*** Opening of EXERCISE MATERIAL ***
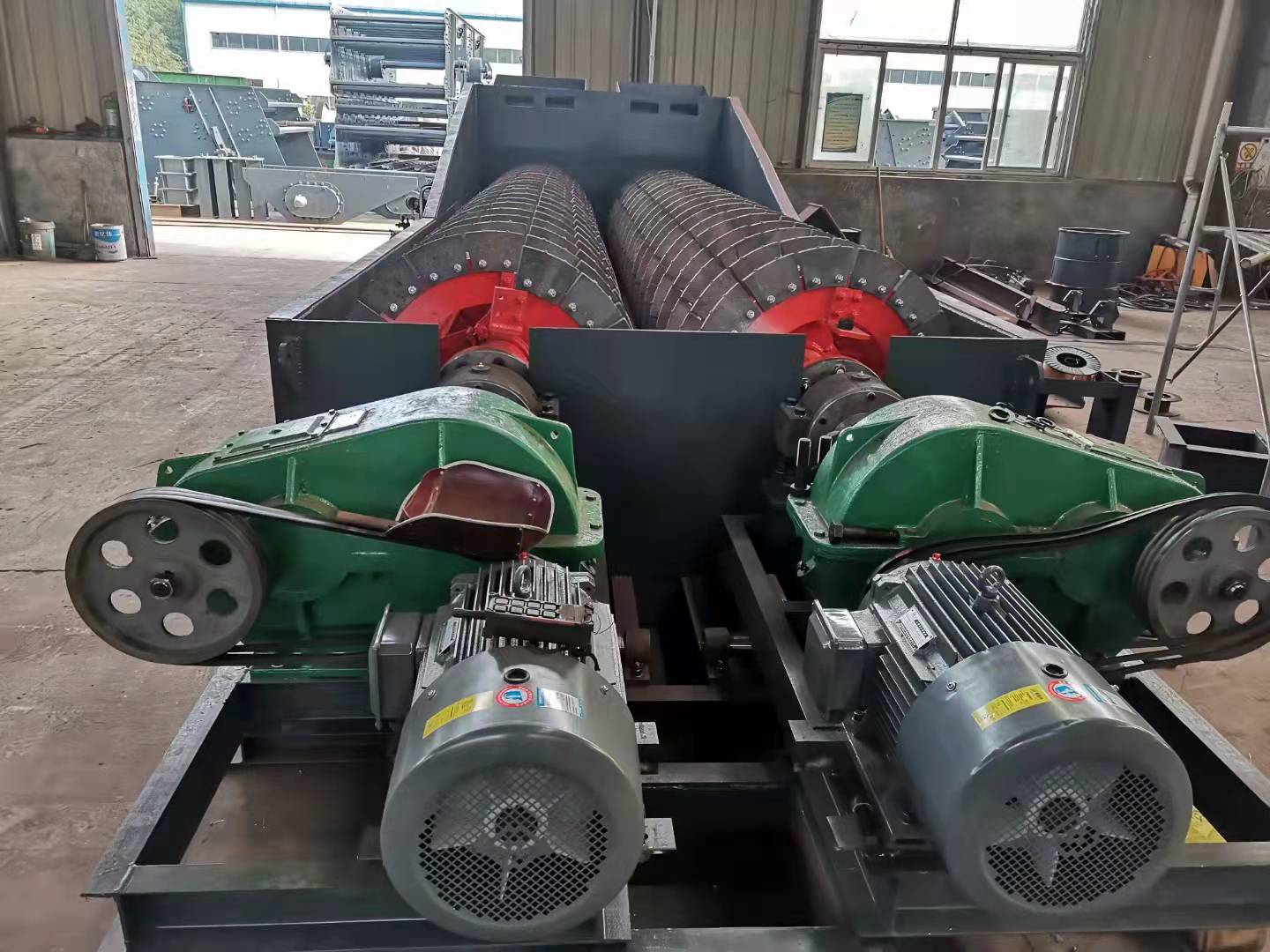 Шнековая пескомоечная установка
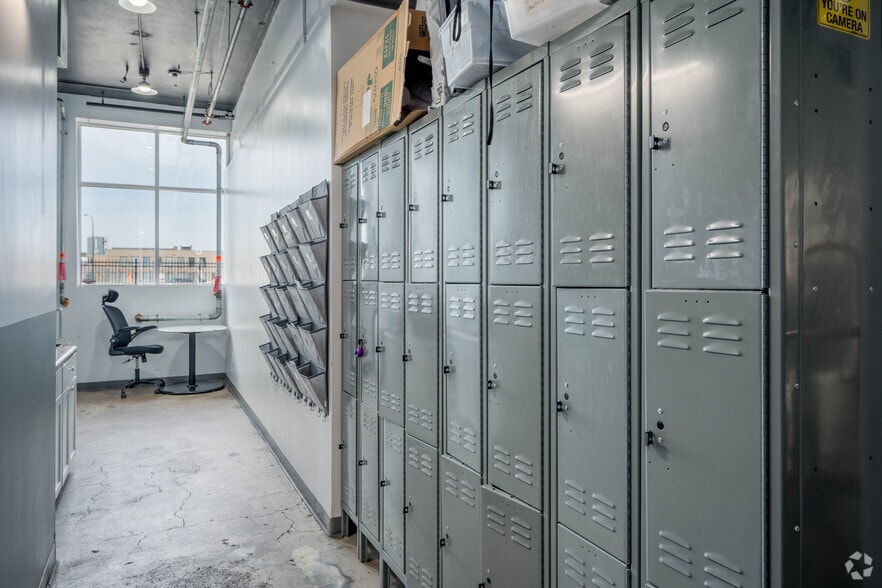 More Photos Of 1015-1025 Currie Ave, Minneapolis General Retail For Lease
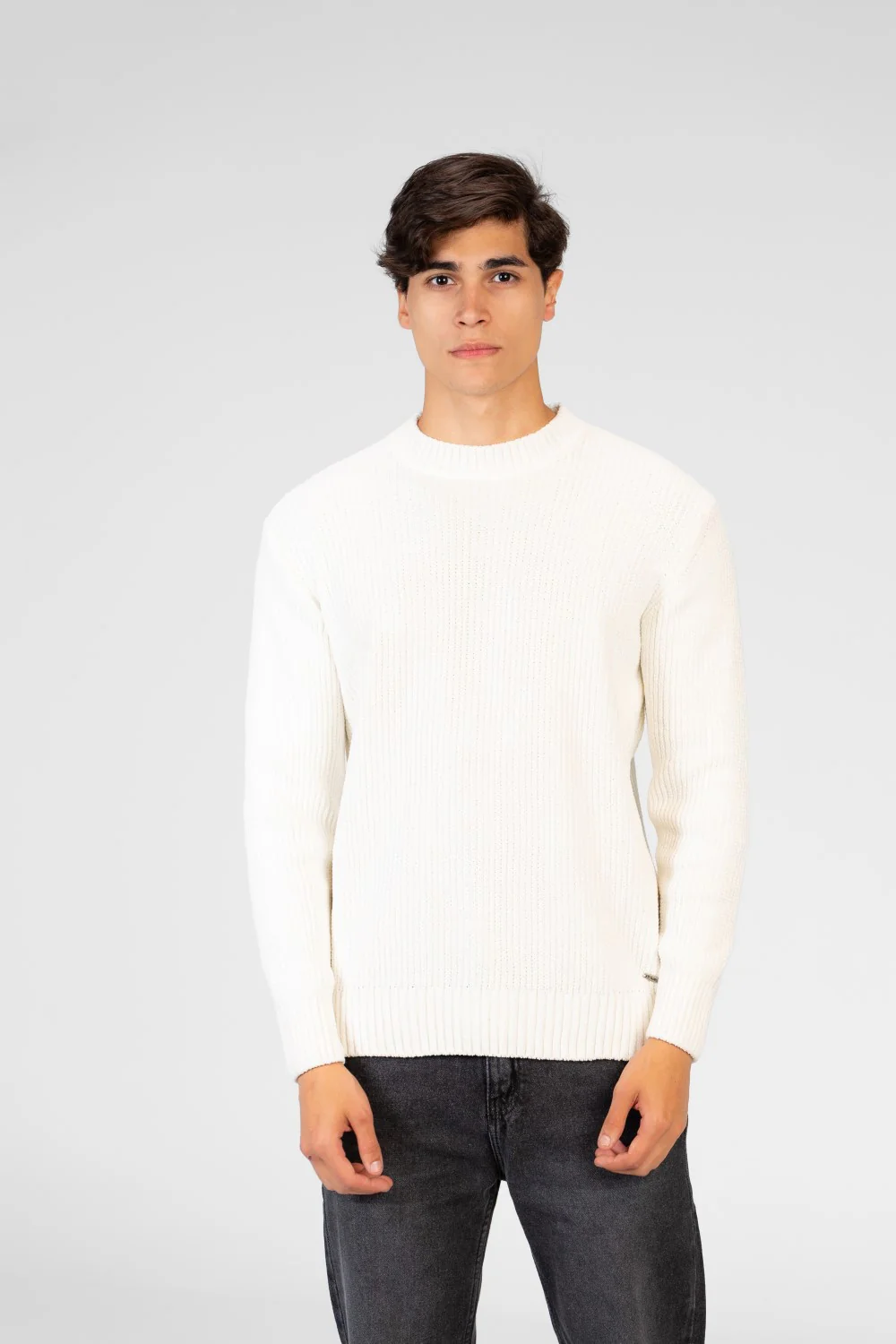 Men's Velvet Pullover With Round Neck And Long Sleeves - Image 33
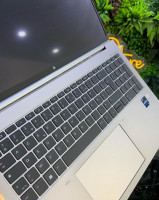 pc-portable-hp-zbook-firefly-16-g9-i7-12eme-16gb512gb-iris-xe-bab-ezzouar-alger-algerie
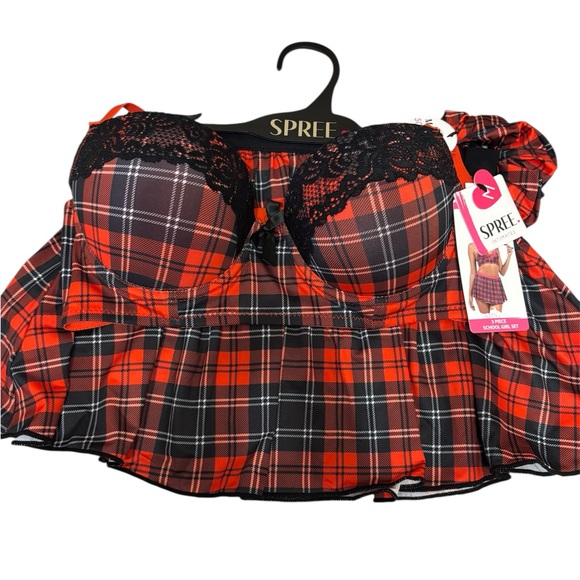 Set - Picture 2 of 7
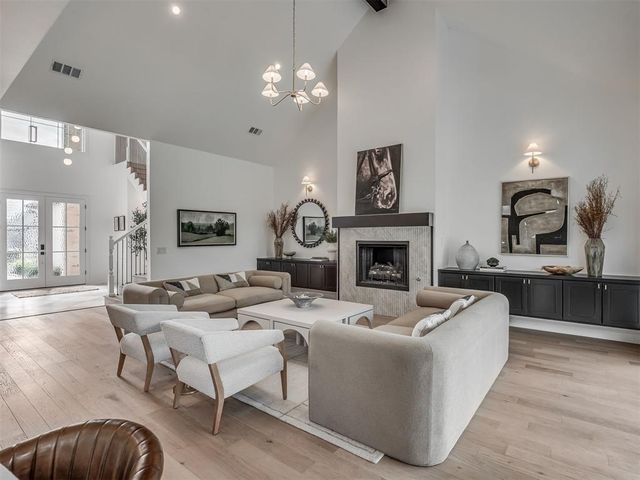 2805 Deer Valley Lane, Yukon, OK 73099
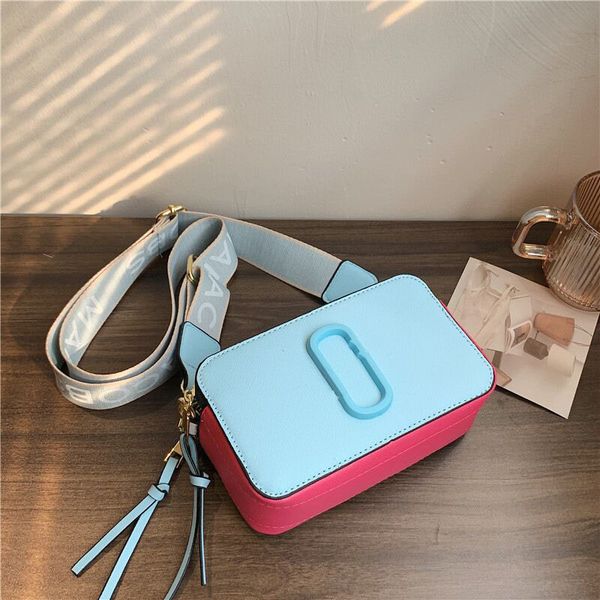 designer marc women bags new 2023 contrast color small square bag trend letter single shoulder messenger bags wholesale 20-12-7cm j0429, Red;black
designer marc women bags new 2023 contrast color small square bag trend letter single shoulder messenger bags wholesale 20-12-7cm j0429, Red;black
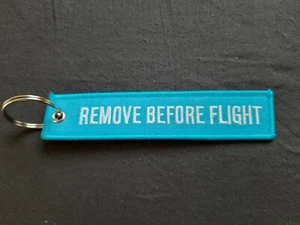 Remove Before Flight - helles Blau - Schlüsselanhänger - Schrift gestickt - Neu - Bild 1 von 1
*** Close of EXERCISE MATERIAL ***
• TASK DESCRIPTION:
Would you retype every line shown above exactly, leaving the pictures aside?

• THE ANSWER:
 Шнековая пескомоечная установка
 More Photos Of 1015-1025 Currie Ave, Minneapolis General Retail For Lease
 Men's Velvet Pullover With Round Neck And Long Sleeves - Image 33
 pc-portable-hp-zbook-firefly-16-g9-i7-12eme-16gb512gb-iris-xe-bab-ezzouar-alger-algerie
 Set - Picture 2 of 7
 2805 Deer Valley Lane, Yukon, OK 73099
 designer marc women bags new 2023 contrast color small square bag trend letter single shoulder messenger bags wholesale 20-12-7cm j0429, Red;black
designer marc women bags new 2023 contrast color small square bag trend letter single shoulder messenger bags wholesale 20-12-7cm j0429, Red;black
 Remove Before Flight - helles Blau - Schlüsselanhänger - Schrift gestickt - Neu - Bild 1 von 1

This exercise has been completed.